Au regard de ces derniers et des calculs exacts et non critiqués de la SAS Bell France qui sont récapitulés dans sa pièce 37 et que la Cour adopte, le préjudice subi par la SAS SBMTP, duquel doit être soustraite la totalité de la marge perçue postérieurement à la rupture des relations, atteint la somme de 6 858,37 euros (marge annuelle moyenne de 12 780,81 euros pour les ventes et les interventions techniques et de 935,94 euros pour les pièces détachées, soit un total de 13 716,75 euros, déduction faite des sommes perçues postérieurement à la rupture).
Le jugement entrepris sera en conséquence infirmé en ce qu'il a rejeté la demande de la SAS SBMTP et la SAS Bell France sera condamnée à lui payer la somme de 6 858,37 euros en réparation intégrale de son préjudice causé par la rupture brutale des relations commerciales.
2°) Sur les frais irrépétibles et les dépens
Le jugement entrepris sera infirmé en ses dispositions relatives aux frais irrépétibles et aux dépens. La Cour constate néanmoins que la SAS SBMTP ne forme aucune demande au titre de ces derniers et que sa demande au titre de l'exécution provisoire de l'arrêt est juridiquement sans objet.
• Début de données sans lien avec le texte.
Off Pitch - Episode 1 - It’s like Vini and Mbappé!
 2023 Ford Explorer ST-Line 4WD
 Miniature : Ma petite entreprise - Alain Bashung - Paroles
Succombant, la SAS Bell France, dont la demande au titre des frais irrépétibles sera rejetée, sera condamnée à supporter les entiers dépens d'appel ainsi qu'à payer à la SAS SBMTP la somme de 3 000 euros en application de l'article 700 du code de procédure civile.
PAR CES MOTIFS
La cour, statuant par arrêt contradictoire mis à la disposition des parties au greffe,
Infirme le jugement entrepris en toutes ses dispositions soumises à la Cour ;
Statuant à nouveau des chefs infirmés,
Condamne la SAS Bell France à payer à la SAS SBMTP, prise en la personne de ses liquidateurs judiciaires, la somme de 6 858,37 euros en réparation intégrale du préjudice causé par la rupture brutale de leurs relations commerciales établies ;
Y ajoutant,
Rejette la demande de la SAS Bell France au titre des frais irrépétibles ;
Condamne la SAS Bell France à payer à la SAS SBMTP, prise en la personne de ses liquidateurs judiciaires, la somme de 3 000 euros en application de l'article 700 du code de procédure civile ;
Condamne la SAS Bell France à supporter les entiers dépens d'appel.